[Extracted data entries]
= Beginning of Section =
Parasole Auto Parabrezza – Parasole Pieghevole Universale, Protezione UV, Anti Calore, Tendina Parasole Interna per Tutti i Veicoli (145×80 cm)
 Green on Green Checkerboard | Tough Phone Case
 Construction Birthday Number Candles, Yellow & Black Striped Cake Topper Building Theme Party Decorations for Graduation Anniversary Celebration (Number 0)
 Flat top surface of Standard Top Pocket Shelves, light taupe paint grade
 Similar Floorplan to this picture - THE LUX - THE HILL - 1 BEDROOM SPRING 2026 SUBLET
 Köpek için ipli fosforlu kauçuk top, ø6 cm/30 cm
= End of Section =
From the first line to the last, return the data exactly.

Task output:
Parasole Auto Parabrezza – Parasole Pieghevole Universale, Protezione UV, Anti Calore, Tendina Parasole Interna per Tutti i Veicoli (145×80 cm)
 Green on Green Checkerboard | Tough Phone Case
 Construction Birthday Number Candles, Yellow & Black Striped Cake Topper Building Theme Party Decorations for Graduation Anniversary Celebration (Number 0)
 Flat top surface of Standard Top Pocket Shelves, light taupe paint grade
 Similar Floorplan to this picture - THE LUX - THE HILL - 1 BEDROOM SPRING 2026 SUBLET
 Köpek için ipli fosforlu kauçuk top, ø6 cm/30 cm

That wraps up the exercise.